Recommendations - Structural Steels

Based on practical experience, ferritic and ferritic-pearlitic structural steels with specified minimum yield strength (SMYS) up to at least 500 MPa have proven compatibility with marine cathodic protection systems. (However, laboratory testing has demonstrated susceptibility to hydrogen induced stress cracking during extreme conditions of yielding). It is recommended that all welding is carried out according to a qualified procedure with 350 HV as an absolute upper limit.
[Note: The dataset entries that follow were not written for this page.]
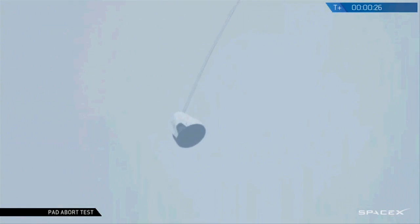Drags look good, sequencing nominal, passing through 600 meters, downrange distance.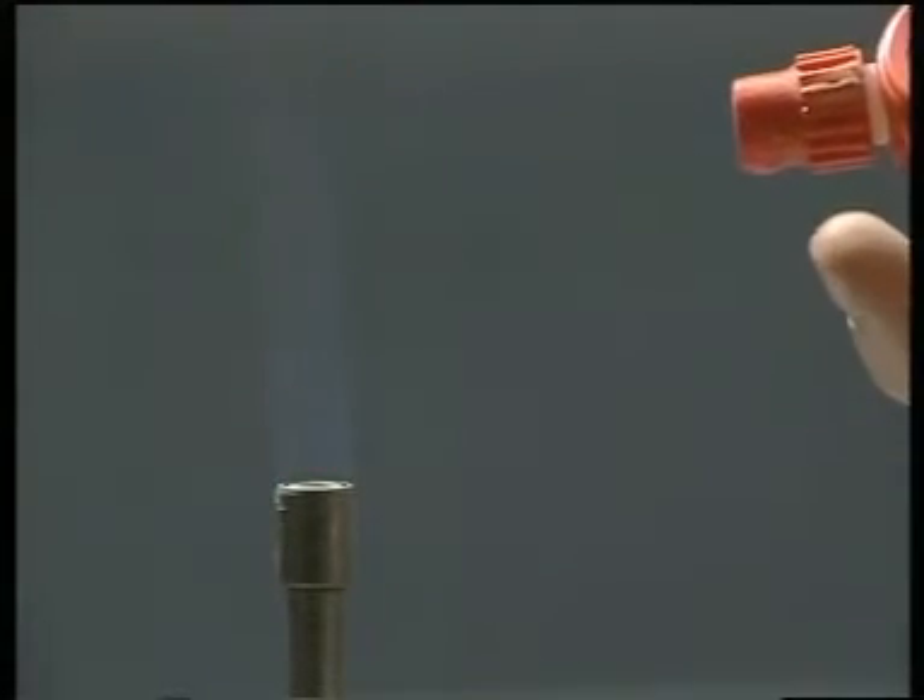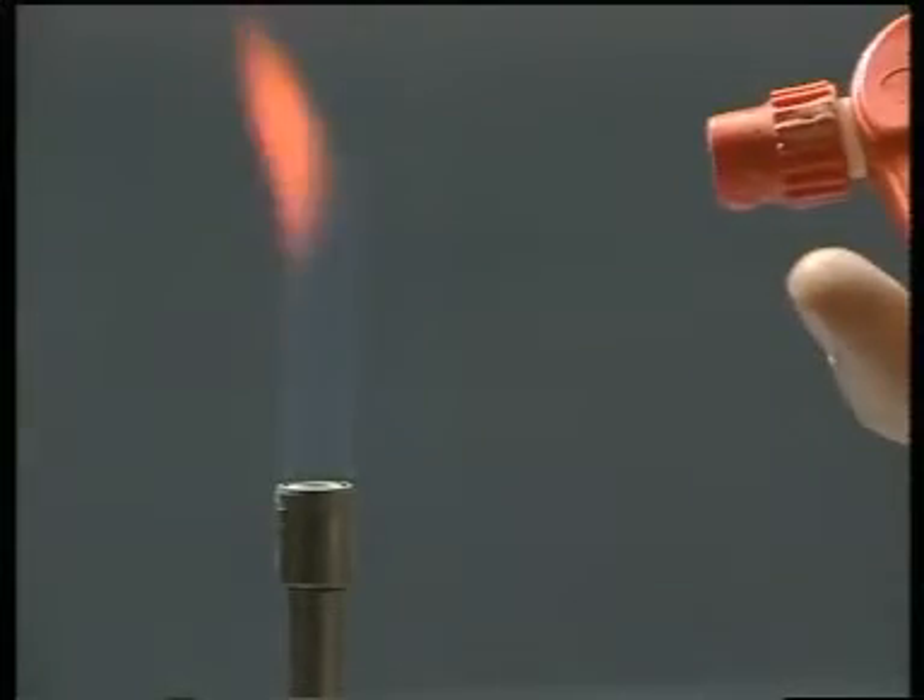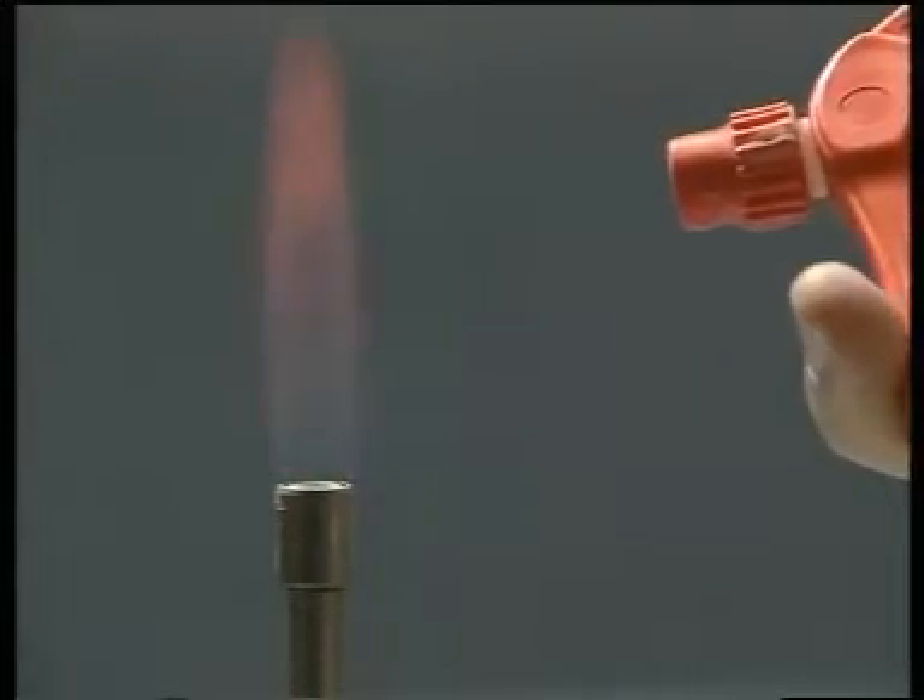Some metal ions will color a flame. This is used in flame photometry to measure trace concentrations, usually in water.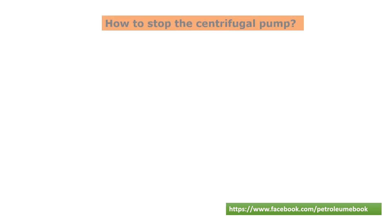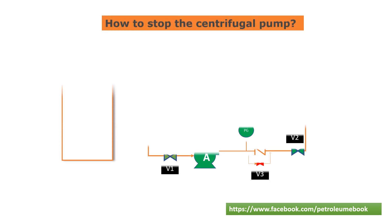Hello and welcome to this tutorial on how to stop a centrifugal pump motor types. In this video, we will be discussing the steps involved in stopping a centrifugal pump. Centrifugal pumps are commonly used in various industries for their ability to move fluids quickly and efficiently. However, it is important to know how to stop a centrifugal pump safely to avoid any accidents or damage to the equipment.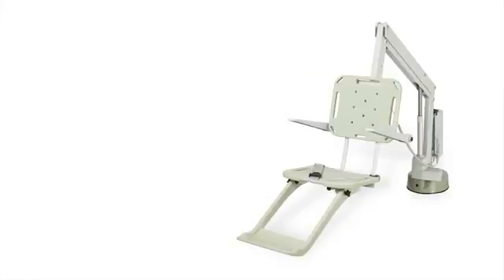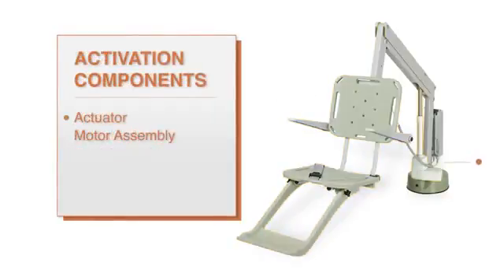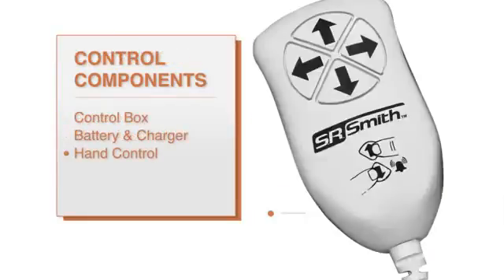The lift is comprised of several components critical for proper operation. These are the frame structure, which includes the mast, the actuator arm, and the seat assembly. The activation components, which are the actuator and the motor assembly, and lastly the control components, which are the control box, battery pack, charger, and the hand control.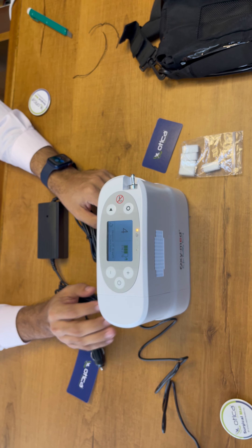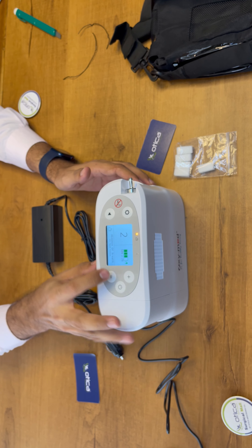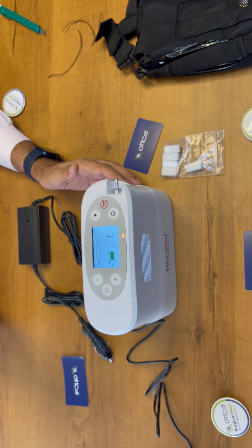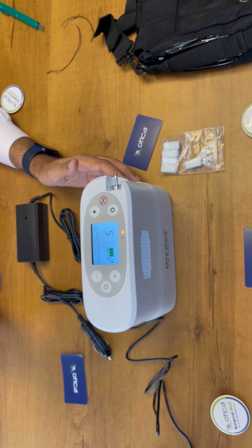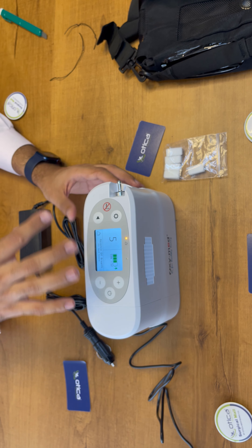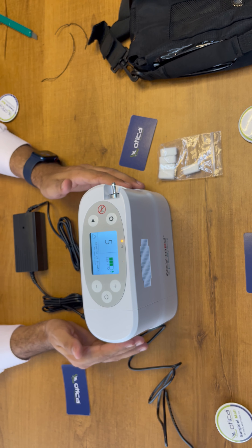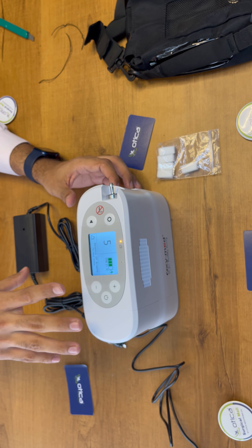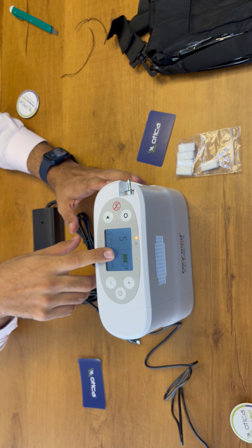Regarding battery life: when using the device at 1 liter per minute, the machine will give a battery backup of 4 hours. When you increase the flow rate — we have practically cross-verified it — at 5 liters per minute, the machine gives a battery backup of 2 hours. Battery conditions also depend on surrounding factors such as oxygen level in the room, humidity, air temperature, and various other parameters, but on average the machine gives 2 hours at 5 liters per minute.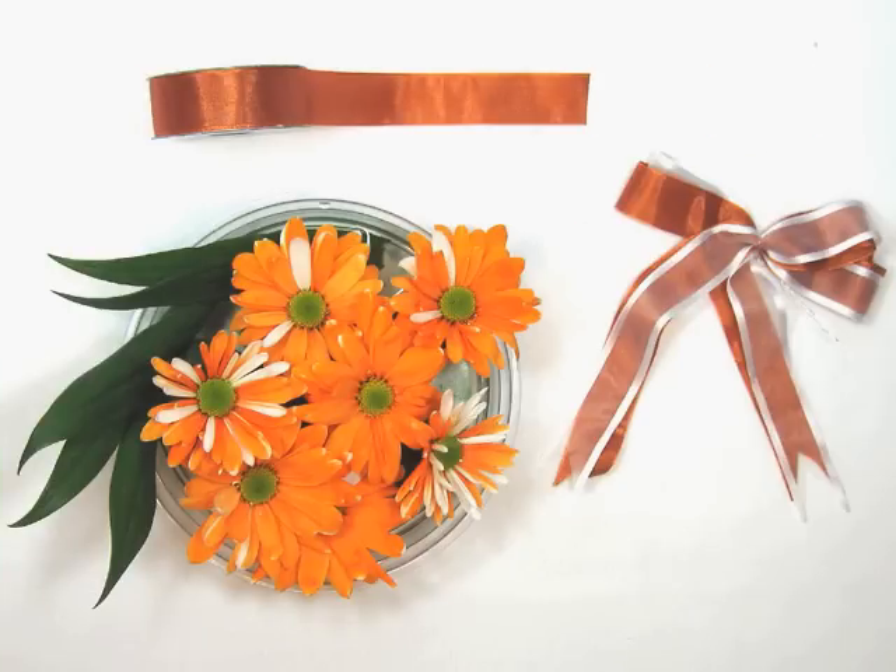Here are the parts of our corsage: chrysanthemums, ribbons — here we tied two colors together in a very simple bow — a few leaves. We're using lily leaves here, but you can use anything which is bright and fresh.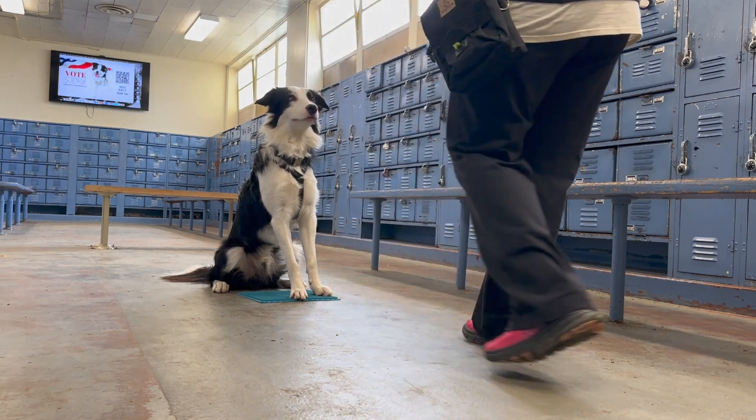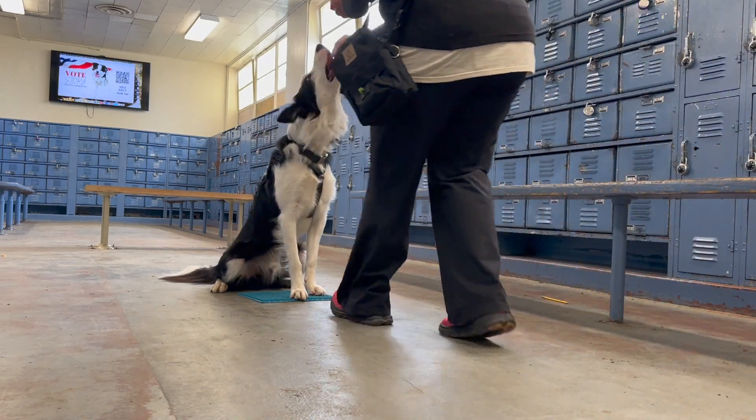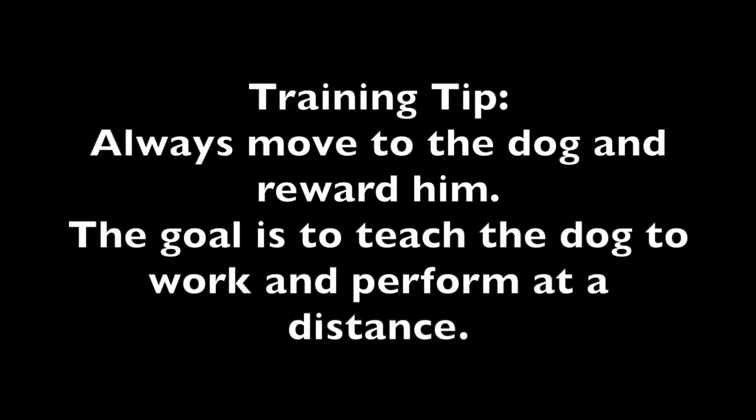Step 4. Training tip: always move to the dog and reward him. The goal is to teach the dog to work and perform at a distance.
With a qualified maximum hardness in the range 300 to 350 HV, design measures should be implemented to avoid local yielding and to apply a reliable coating system as a barrier to cathodic protection induced hydrogen absorption.

Cathodic protection in closed compartments without ventilation may cause development of hydrogen gas to an extent that an explosive gas mixture (i.e. hydrogen/oxygen) may eventually develop. The risk is moderate with Al and Zn-base galvanic anodes but at least one explosion during external welding on a water flooded platform leg containing such anodes has been related to this phenomenon. (Closed water flooded compartments will not normally require cathodic protection.

Recommendations - Other Structural Materials

Copper and aluminium based alloys are generally considered immune to hydrogen induced stress cracking, regardless of fabrication modes. For high-strength titanium alloys, documentation is limited and special considerations (including e.g. qualification testing should apply.

There is no generally accepted test method to verify cathodic protection compatibility of different metallic materials. Constant extension rate testing (also referred to as “slow strain rate testing”) is applicable to compare hydrogen induced stress cracking susceptibility of materials of the same type (e.g. relative susceptibility of martensitic steels), but a comparison of different types of materials is less straightforward. For more quantitative testing, uniaxially loaded tensile specimens (with constant load), 4-point bend specimens (with constant displacement), crack tip opening displacement (CTOD) and other testing configurations have been applied at controlled cathodic protection conditions.